I did not begin my letter on customary Friday , because I had nothing new to tell or to say. The town lies fallow—not an incident worth repeating as far as I know. Parliament manufactures only bills, not politics. I never understood any thing useful; and, now that my time and connexions are shrunk to so narrow a compass, what business have I with business? As I have mended considerably for the last four days, and as we have had a fortnight of soft warm weather, and a southwest wind to-day, I have ventured hither for change Of air, and to give orders about some repairs at Cliveden; which, by the way, Mr. Henry Bunbury, two days ago, proposed to take off my hands for his life. I really do not think I accepted his offer. I shall return to town on Monday, and hope to find a letter to answer—or what will this do?

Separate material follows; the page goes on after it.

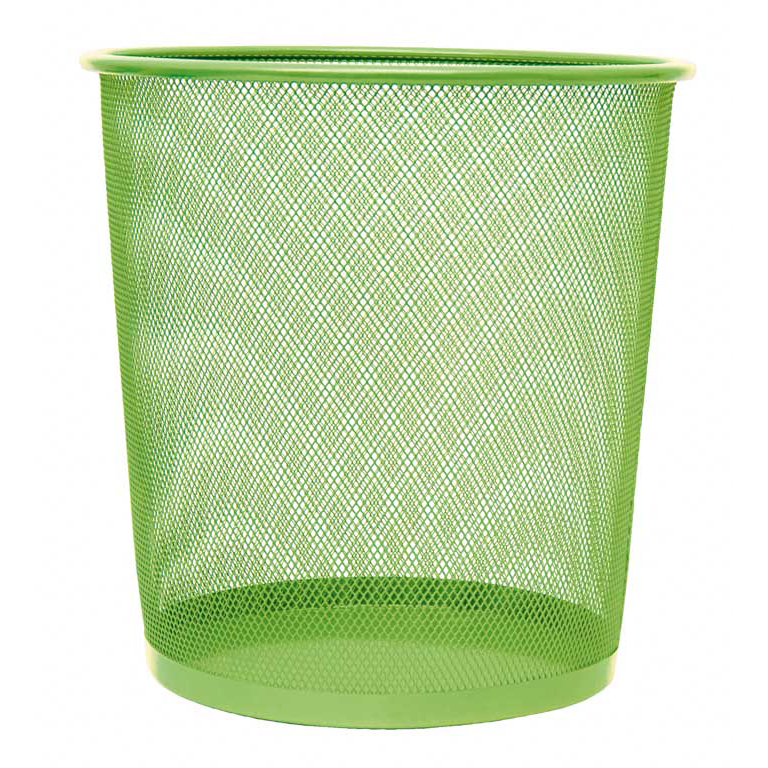 PAPELERA DE REJILLA PLUS OFFICE 13 L COLOR VERDE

Berkeley Square, Monday evening.
I am returned and find the only letter I dreaded, and the only one, I trust, that I shall ever not be impatient to receive from you. Though ten thousand times kinder than I deserve, it wounds my heart: as I find I have hurt two of the persons I love the best upon earth’, and whom I am most constantly studying to please and serve. That I soon repented of my murmurs, you have seen by my subsequent letters. The truth, as you may have perceived, though no excuse, was, that I had thought myself dying, and should never see you more; that I was extremely weak and low, when Mrs. Damer’s letter arrived, and mentioned her supposing that I should not see you till spring twelvemonth. That terrible sentence recalled Mr. Batt’s being the first to assure me of your going abroad, when I had concluded you had laid aside the design. I did sincerely allow that in both instances you had acted from tenderness in concealing your intentions; but, as I knew I could better bear the information from yourselves than from others, I thought it unfriendly to let me learn from others what interested me so deeply: yet I do not in the least excuse my conduct; no, I condemn it in every light, and shall never forgive myself if you do not promise me to be guided entirely by your own convenience and inclinations about your return. I am perfectly well again, and just as likely to live one year as half an one. Indulge your pleasure in being abroad while you are there.